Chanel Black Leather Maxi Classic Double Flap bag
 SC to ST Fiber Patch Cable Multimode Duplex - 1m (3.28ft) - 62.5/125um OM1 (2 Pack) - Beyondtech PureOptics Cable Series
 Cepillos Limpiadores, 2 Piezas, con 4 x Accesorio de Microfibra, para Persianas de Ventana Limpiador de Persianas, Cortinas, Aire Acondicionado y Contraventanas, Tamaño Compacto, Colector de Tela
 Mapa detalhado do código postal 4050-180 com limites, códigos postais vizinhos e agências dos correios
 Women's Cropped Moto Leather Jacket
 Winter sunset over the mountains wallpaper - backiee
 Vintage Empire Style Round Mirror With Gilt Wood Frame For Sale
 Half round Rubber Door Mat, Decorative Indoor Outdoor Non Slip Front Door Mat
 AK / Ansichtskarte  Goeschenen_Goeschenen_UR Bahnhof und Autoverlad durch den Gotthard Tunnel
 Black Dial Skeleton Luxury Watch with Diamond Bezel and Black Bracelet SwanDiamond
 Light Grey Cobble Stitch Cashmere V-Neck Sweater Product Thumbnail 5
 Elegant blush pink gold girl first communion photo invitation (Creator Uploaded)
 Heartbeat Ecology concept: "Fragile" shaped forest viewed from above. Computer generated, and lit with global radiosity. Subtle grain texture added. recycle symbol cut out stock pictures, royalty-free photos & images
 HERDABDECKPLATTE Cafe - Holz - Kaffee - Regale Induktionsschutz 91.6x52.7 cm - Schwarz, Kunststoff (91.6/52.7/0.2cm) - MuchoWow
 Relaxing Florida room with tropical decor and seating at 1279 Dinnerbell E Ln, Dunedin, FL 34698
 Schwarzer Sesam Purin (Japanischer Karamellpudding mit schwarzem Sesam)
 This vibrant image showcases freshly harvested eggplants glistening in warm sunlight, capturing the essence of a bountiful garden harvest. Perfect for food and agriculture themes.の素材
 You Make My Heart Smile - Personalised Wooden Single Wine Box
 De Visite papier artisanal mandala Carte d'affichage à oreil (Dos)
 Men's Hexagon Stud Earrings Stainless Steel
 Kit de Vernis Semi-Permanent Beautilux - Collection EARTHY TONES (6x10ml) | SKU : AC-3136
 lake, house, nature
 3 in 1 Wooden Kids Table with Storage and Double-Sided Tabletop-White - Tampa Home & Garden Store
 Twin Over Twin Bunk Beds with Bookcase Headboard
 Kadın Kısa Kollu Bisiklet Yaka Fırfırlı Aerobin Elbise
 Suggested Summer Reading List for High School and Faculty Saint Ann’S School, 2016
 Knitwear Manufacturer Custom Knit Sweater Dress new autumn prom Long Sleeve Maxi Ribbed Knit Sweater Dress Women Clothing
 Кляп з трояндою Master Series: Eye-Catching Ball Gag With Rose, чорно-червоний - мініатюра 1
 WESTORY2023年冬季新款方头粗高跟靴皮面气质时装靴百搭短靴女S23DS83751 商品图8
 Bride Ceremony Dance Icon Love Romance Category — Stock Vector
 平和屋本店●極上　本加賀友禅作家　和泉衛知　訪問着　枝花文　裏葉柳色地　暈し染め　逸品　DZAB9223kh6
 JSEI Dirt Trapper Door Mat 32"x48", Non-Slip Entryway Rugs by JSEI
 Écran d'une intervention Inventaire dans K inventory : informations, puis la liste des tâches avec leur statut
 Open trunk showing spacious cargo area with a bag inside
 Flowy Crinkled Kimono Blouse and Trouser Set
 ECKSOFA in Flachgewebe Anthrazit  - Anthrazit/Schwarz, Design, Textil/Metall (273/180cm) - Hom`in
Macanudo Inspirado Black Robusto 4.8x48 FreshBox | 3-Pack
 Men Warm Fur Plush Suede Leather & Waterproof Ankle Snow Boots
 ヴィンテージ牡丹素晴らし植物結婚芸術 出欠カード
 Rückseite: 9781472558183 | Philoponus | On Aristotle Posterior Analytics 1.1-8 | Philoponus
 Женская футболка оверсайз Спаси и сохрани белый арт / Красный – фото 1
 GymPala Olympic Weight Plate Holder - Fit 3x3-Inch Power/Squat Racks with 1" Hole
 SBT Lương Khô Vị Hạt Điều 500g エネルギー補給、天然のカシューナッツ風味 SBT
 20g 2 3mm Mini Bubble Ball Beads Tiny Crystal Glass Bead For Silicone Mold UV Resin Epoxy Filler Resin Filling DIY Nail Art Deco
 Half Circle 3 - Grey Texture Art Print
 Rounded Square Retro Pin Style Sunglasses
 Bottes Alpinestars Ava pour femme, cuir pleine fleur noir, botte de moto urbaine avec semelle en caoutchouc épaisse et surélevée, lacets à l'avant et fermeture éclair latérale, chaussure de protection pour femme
—————
• _EXERCISE AIM_
The records above should be given again in full, exactly as written.

• _RESPONSE TO THIS EXERCISE_
Chanel Black Leather Maxi Classic Double Flap bag
 SC to ST Fiber Patch Cable Multimode Duplex - 1m (3.28ft) - 62.5/125um OM1 (2 Pack) - Beyondtech PureOptics Cable Series
 Cepillos Limpiadores, 2 Piezas, con 4 x Accesorio de Microfibra, para Persianas de Ventana Limpiador de Persianas, Cortinas, Aire Acondicionado y Contraventanas, Tamaño Compacto, Colector de Tela
 Mapa detalhado do código postal 4050-180 com limites, códigos postais vizinhos e agências dos correios
 Women's Cropped Moto Leather Jacket
 Winter sunset over the mountains wallpaper - backiee
 Vintage Empire Style Round Mirror With Gilt Wood Frame For Sale
 Half round Rubber Door Mat, Decorative Indoor Outdoor Non Slip Front Door Mat
 AK / Ansichtskarte  Goeschenen_Goeschenen_UR Bahnhof und Autoverlad durch den Gotthard Tunnel
 Black Dial Skeleton Luxury Watch with Diamond Bezel and Black Bracelet SwanDiamond
 Light Grey Cobble Stitch Cashmere V-Neck Sweater Product Thumbnail 5
 Elegant blush pink gold girl first communion photo invitation (Creator Uploaded)
 Heartbeat Ecology concept: "Fragile" shaped forest viewed from above. Computer generated, and lit with global radiosity. Subtle grain texture added. recycle symbol cut out stock pictures, royalty-free photos & images
 HERDABDECKPLATTE Cafe - Holz - Kaffee - Regale Induktionsschutz 91.6x52.7 cm - Schwarz, Kunststoff (91.6/52.7/0.2cm) - MuchoWow
 Relaxing Florida room with tropical decor and seating at 1279 Dinnerbell E Ln, Dunedin, FL 34698
 Schwarzer Sesam Purin (Japanischer Karamellpudding mit schwarzem Sesam)
 This vibrant image showcases freshly harvested eggplants glistening in warm sunlight, capturing the essence of a bountiful garden harvest. Perfect for food and agriculture themes.の素材
 You Make My Heart Smile - Personalised Wooden Single Wine Box
 De Visite papier artisanal mandala Carte d'affichage à oreil (Dos)
 Men's Hexagon Stud Earrings Stainless Steel
 Kit de Vernis Semi-Permanent Beautilux - Collection EARTHY TONES (6x10ml) | SKU : AC-3136
 lake, house, nature
 3 in 1 Wooden Kids Table with Storage and Double-Sided Tabletop-White - Tampa Home & Garden Store
 Twin Over Twin Bunk Beds with Bookcase Headboard
 Kadın Kısa Kollu Bisiklet Yaka Fırfırlı Aerobin Elbise
 Suggested Summer Reading List for High School and Faculty Saint Ann’S School, 2016
 Knitwear Manufacturer Custom Knit Sweater Dress new autumn prom Long Sleeve Maxi Ribbed Knit Sweater Dress Women Clothing
 Кляп з трояндою Master Series: Eye-Catching Ball Gag With Rose, чорно-червоний - мініатюра 1
 WESTORY2023年冬季新款方头粗高跟靴皮面气质时装靴百搭短靴女S23DS83751 商品图8
 Bride Ceremony Dance Icon Love Romance Category — Stock Vector
 平和屋本店●極上　本加賀友禅作家　和泉衛知　訪問着　枝花文　裏葉柳色地　暈し染め　逸品　DZAB9223kh6
 JSEI Dirt Trapper Door Mat 32"x48", Non-Slip Entryway Rugs by JSEI
 Écran d'une intervention Inventaire dans K inventory : informations, puis la liste des tâches avec leur statut
 Open trunk showing spacious cargo area with a bag inside
 Flowy Crinkled Kimono Blouse and Trouser Set
 ECKSOFA in Flachgewebe Anthrazit  - Anthrazit/Schwarz, Design, Textil/Metall (273/180cm) - Hom`in
Macanudo Inspirado Black Robusto 4.8x48 FreshBox | 3-Pack
 Men Warm Fur Plush Suede Leather & Waterproof Ankle Snow Boots
 ヴィンテージ牡丹素晴らし植物結婚芸術 出欠カード
 Rückseite: 9781472558183 | Philoponus | On Aristotle Posterior Analytics 1.1-8 | Philoponus
 Женская футболка оверсайз Спаси и сохрани белый арт / Красный – фото 1
 GymPala Olympic Weight Plate Holder - Fit 3x3-Inch Power/Squat Racks with 1" Hole
 SBT Lương Khô Vị Hạt Điều 500g エネルギー補給、天然のカシューナッツ風味 SBT
 20g 2 3mm Mini Bubble Ball Beads Tiny Crystal Glass Bead For Silicone Mold UV Resin Epoxy Filler Resin Filling DIY Nail Art Deco
 Half Circle 3 - Grey Texture Art Print
 Rounded Square Retro Pin Style Sunglasses
 Bottes Alpinestars Ava pour femme, cuir pleine fleur noir, botte de moto urbaine avec semelle en caoutchouc épaisse et surélevée, lacets à l'avant et fermeture éclair latérale, chaussure de protection pour femme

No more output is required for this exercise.